The usual path, hire some superstars, is too erratic and time consuming. The Deer would have a hard time assembling a team that was loaded with high powered offensive players, anyway. They did it in the early millenium, but that was a fart in the wind. (the Big 3 on that team did not actually include Glenn Robinson — the Big 3 win producers were Ray Allen, Sam Cassell, and unsung, unloved Ervin “Tragic” Johnson. When Johnson’s win production fell off the next season, the team went back to .500%)
Instead, the Bucks are doing it the right way, the cost effective way — the way they did it in the days made famous by the Academy Award winning movie “Hot Tub Time Machine“. (Actually, when I say “cost-effective”, there’s really no such thing in terms of “dollar cost” in the “Zsa Zsa Gabor” NBA pay structure. What I mean by “cost” is the scarcity of really elite level talent — that’s hard to assemble).

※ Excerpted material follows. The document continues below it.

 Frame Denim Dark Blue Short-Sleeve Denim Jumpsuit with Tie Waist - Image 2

The Buck’s greatest sustained winning period in its existence was from 1980 to 1989. That entire period was driven by a few highly productive all-around players and one of the NBA’s best and most consistently dominant defenses. That was the only way the team could have sustained such a run. Defense is always undervalued, and if its dominant, it can turn an affordably efficient offensive team into a big time winner.

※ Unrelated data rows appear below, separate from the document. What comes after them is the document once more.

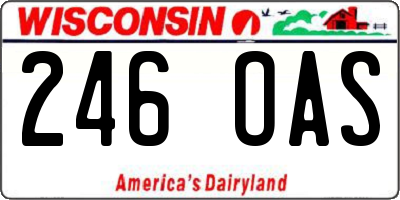 WI license plate 246OAS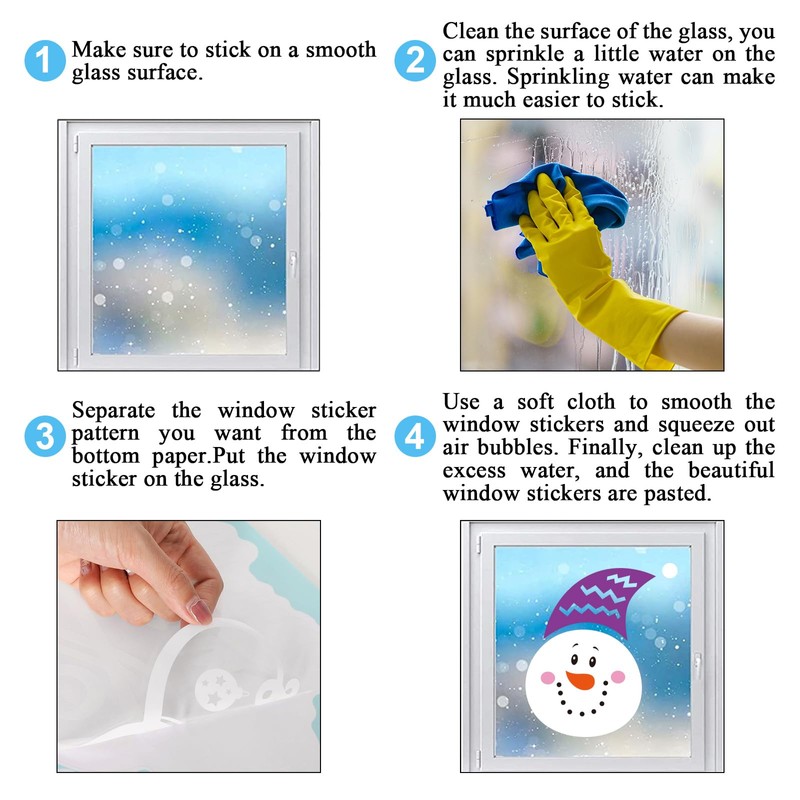 JarThenaAMCS 9 Sheet Winter Window Clings Funny Christmas Snowman Snowflake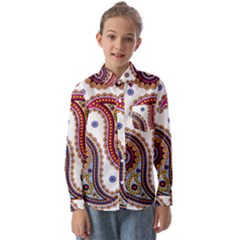 Paisley Pattern Kids  Long Sleeve Shirt by befabulous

The Milwaukee Brewers increasingly unpopular “Canadian Mafia” management team needs to pick up on that, eh. Stop blaming everything on the pitching. Sure, the team’s pitching staff is undertalented and underproductive. But its hardly all their fault. The main fault lies with what I call “the phantom menace” — the team’s sieve-like positional defense. Actually sieve implies a “small” hole, doesn’t it? The Brewers diamond lineup is like a bullet riddled Wiley Coyote.

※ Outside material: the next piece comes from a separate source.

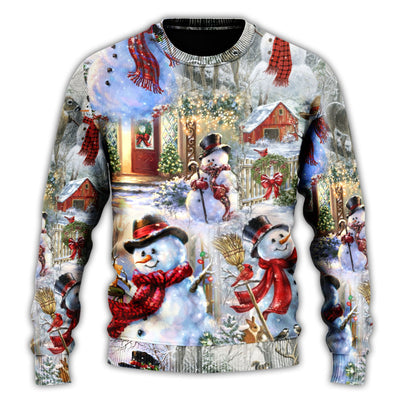 Christmas Sweater / S Christmas Snowman Merry Xmas - Sweater - Ugly Christmas Sweaters - Owls Matrix LTD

According to “Stat of the Week”, the Brewers are the very worst team in baseball at turning hit balls into outs. Understand, I’m not talking about errors. Get that out of your head. That’s not how to judge a baseball defense. I’m talking about “range factor” UZR as the Sabers call it. I’m talking about the ball that rolls past Rickie Weeks just two short feet to his left and dribbles into the outfield for a cheap hit. That’s a ball that would have been an out on most teams. By routinely failing to make those kind of “invisible outs” the Brewers have produced a situation where only the very best pitchers can succeed in Milwaukee… high strike out pitchers, ie expensive pitchers.
That’s a recipe for missing the playoffs for another 25 or so seasons… the Brewers can’t afford the very best pitchers.
They need to get smart. They need to take a page from the beloved Deer. Instead of waiting for the day that will never come when they can afford a fleet of Bentleys, the Brewers need to instead “pimp their rides”. Hire some out producers like the Oakland A’s do, cheap players who will augment the value of a middle market pitching staff by getting them extra outs per game… instead of forcing them to work for extra outs per game.
The smart kids are all doing it. The slow kids can’t see it. Look at the very best defensive teams on “Stat of the Week”. You can generalize — by and large — that these are among the very best run teams in baseball. Now look at the teams at the bottom. Duhhh. Ouch.